Second, you can use authorization to control what actions the customer is allowed to perform. For example, on your site, there are two types of users: seller and customer. They see different product details pages. While sellers see that page as a draft, customers see it as the latest version of this page after publishing. While sellers can create new products with their details by filling necessary information to sell, customers can only display that product after it is published. They are allowed to perform different actions depending on their user type.
Finally, you can use rate limiting to prevent fraudulent purchases by limiting the number of purchases that can be made in a certain time period. You can use IP-based rate limiting, which can help you prevent automated bots or other malicious factors from making too many requests to purchase in a short period.

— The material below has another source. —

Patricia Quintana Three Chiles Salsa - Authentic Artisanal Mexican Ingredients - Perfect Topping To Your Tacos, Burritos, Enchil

Necessary Information in Response
It is possible for an API response to expose some information bad guys can use. You don't want to send sensitive information which should not be disclosed to unauthorized parties.
For example, if your application returns an error message that contains details about your application’s internal structure or implementation, these bad guys could use this sensitive information to attack your application. Let’s make our bay guy’s stories scarier… If you return your database model as it is, these guys could use this model to get sensitive information, impersonate the user, and gain access to sensitive resources. This is one reason why developers use DTO (Data Transfer Object). It is used to encapsulate data and transfer data from one application to another. With DTO, you can limit what information you share while you send back the response to the client.
Wow, what a movie scenario!
Therefore, as a developer, you can use encryption to protect sensitive data in transit, minimize the amount of information included in error messages, and properly validate user input to prevent injection attacks. Don’t forget you need to be careful while designing your API!
The Bottom Line
The layered protocol stack is a fundamental concept in computer networking that organizes network protocols into distinct layers, each with specific roles. The Application Layer protocol, HTTP, allows data transfer over the internet, and different applications communicate with one another via API calls, providing a means to interact with an application through HTTP and access resources and services provided by it.
To ensure secure APIs, it is essential to design them with appropriate measures, such as rate limiting, which limits the number of requests a user can make within a certain time period. This not only helps prevent abuse but also makes resource usage more efficient. Additionally, authentication and authorization play a significant role in securing your application by verifying the user's identity and ensuring that they have the required permission to access certain features and resources.
When opening your application to the world, you make it more engaging and interactive, but you need to remain cautious about potential security risks that come along with allowing others to use it. You need to take appropriate measures to ensure that your application remains secure and is not compromised by malicious actors.